See Hear: Steve Paul on Rambling Around the Arts | How an obscure Kansas City author is coming back to life at 100

Vincent O. Carter (courtesy Liselotte Haas)

Vincent O. Carter’s 100th birthday (June 23) has come and gone. To call Carter a Kansas City writer is to overlook the fact that in his 20s, Carter left his hometown — for the Army, for college, for Europe — and, except for two family deaths decades later, never returned. In the early 1950s, by the time he turned 30, he’d settled in Bern, Switzerland, a place where he became something of a civic novelty — the lone Black resident of a lily-white town. Passersby would stop him on the sidewalk and make a thing about wanting to touch his nappy hair. He supplemented a meager writing income by teaching Bernese how to speak American English.

Carter did return to Kansas City, however, in his creative consciousness, as we learn from two books he wrote. One is the only book he published in his lifetime, an imaginative memoir called “The Bern Book” (1973). But even more of his Kansas City life can be found in a predominantly autobiographical novel, which appeared 20 years after his death under the title “Such Sweet Thunder” (2003).

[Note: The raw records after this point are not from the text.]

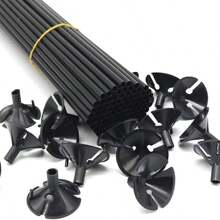 Balloon Holder Kit, Balloon Rod, Balloon Support Rods 30cm Transparent - Đen - 10 chiếc - Xem 1
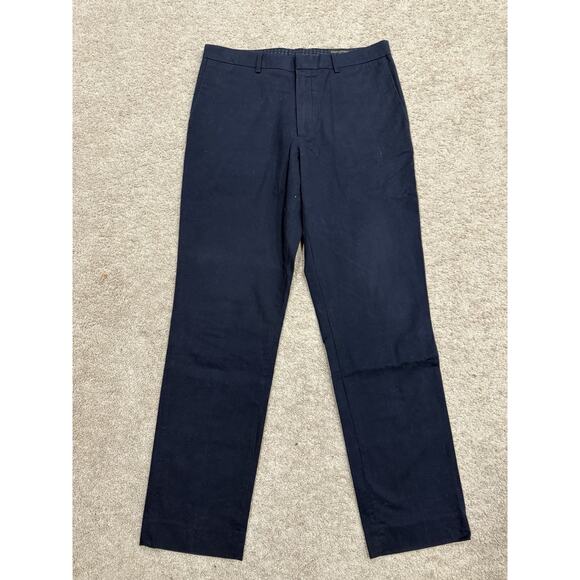 Banana Republic Other - Banana Republic Pants Mens 33X34 Flat Front Chino Standard Fit Cotton Dark Blue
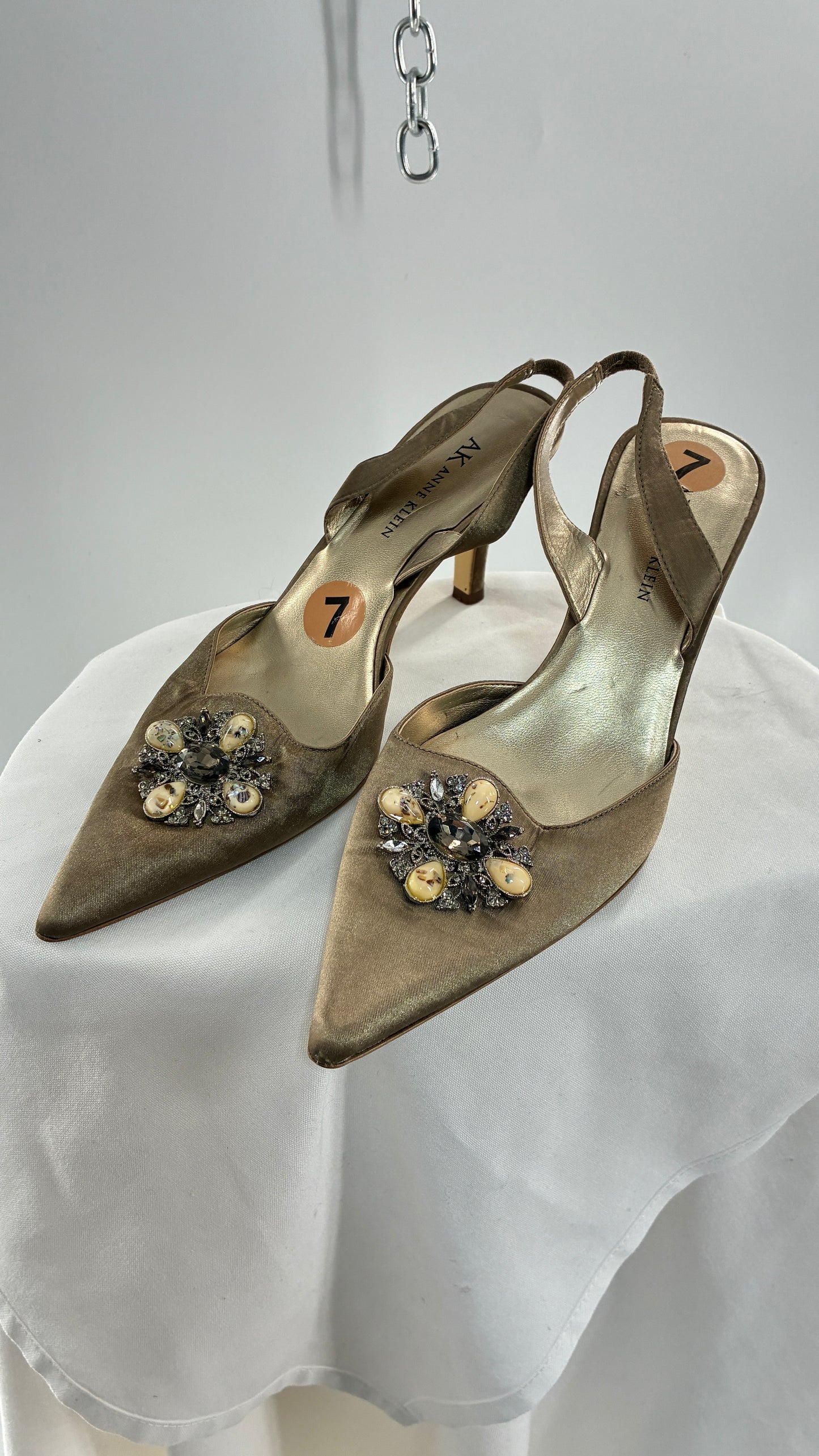 Vintage Anne Klein 1990s Kitten Heel with Stone and Metal Embellishments(7)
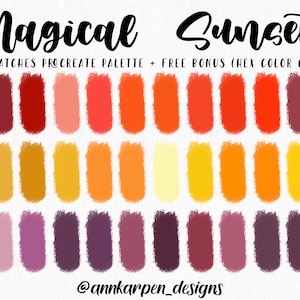 Magical Sunset Procreate Palette, 30 HEX Color Codes, Instant Digital Download, iPad Pro Art, Landscape Illustration, Tropical Color Swatch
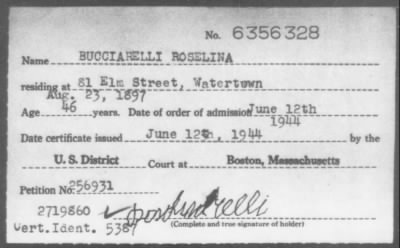 Thumbnail for 1944 > BUCCIARELLI ROSELINA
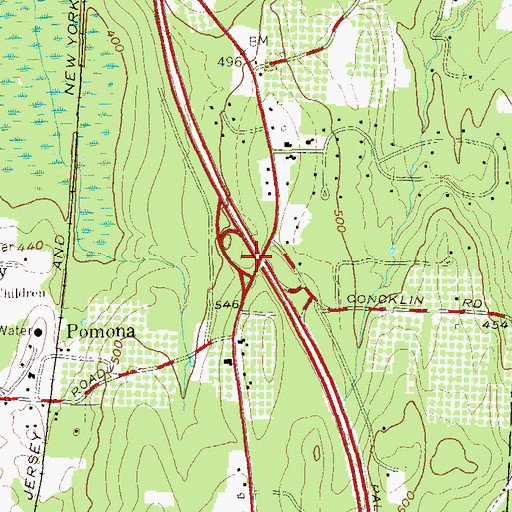 Topographic Map of Interchange 12, NY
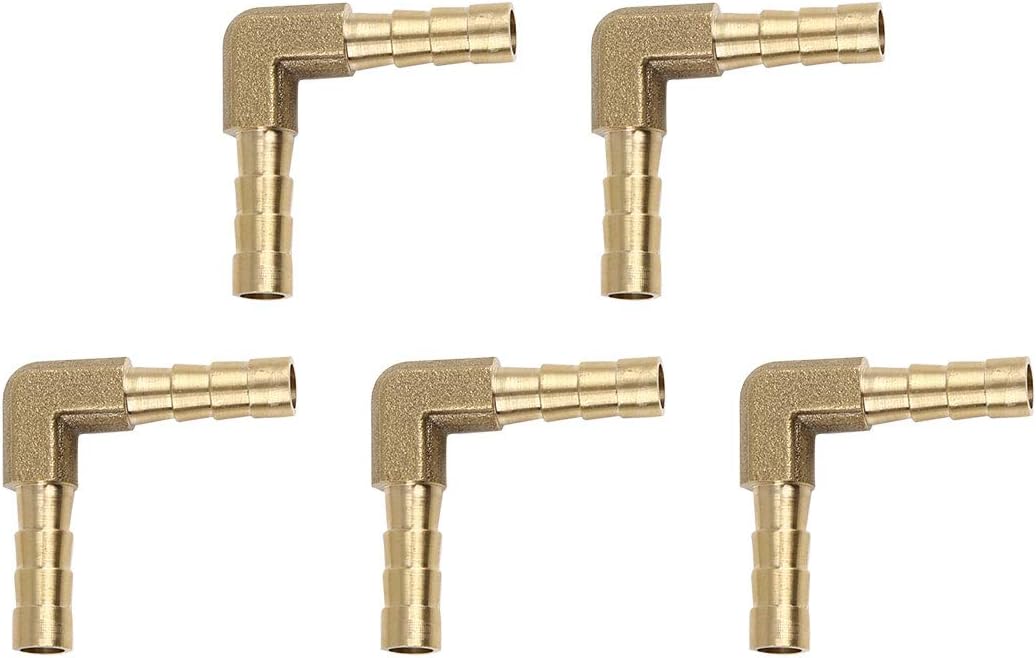 X AUTOHAUX 5mm Hose Barb Elbow 90 Degree Brass Fitting for Air Water Oil 5pcs, Gold Tone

The latter book, as I’ve written and spoken of before, provides an extraordinary and rare fictional portrait of the daily life of Black Kansas Citians in the 1920s, ’30s and ’40s. School days at Garrison elementary, then Lincoln High; the commercial buzz along Independence Avenue; the sounds coming from his parents’ record player in their apartment in a North End (now Columbus Park) alley later obliterated by the interstate highway.

By doing so Carter’s book provides the racial and economic flip side to Evan S. Connell’s two interlinked Kansas City novels, “Mrs. Bridge” (1959) and “Mr. Bridge” (1969). Connell’s novels were steeped in upper-crust WASP Kansas City and spanned the same time period. So reading Carter’s “Such Sweet Thunder” and Connell’s Bridge novels, all of which include situational intersections between African American and white Kansas Citians, can provide a rich range of the area’s historical and racial landscape. Add Whitney Terrell’s “The King of King’s County” (2005) and you’re halfway to devising a syllabus on the topic.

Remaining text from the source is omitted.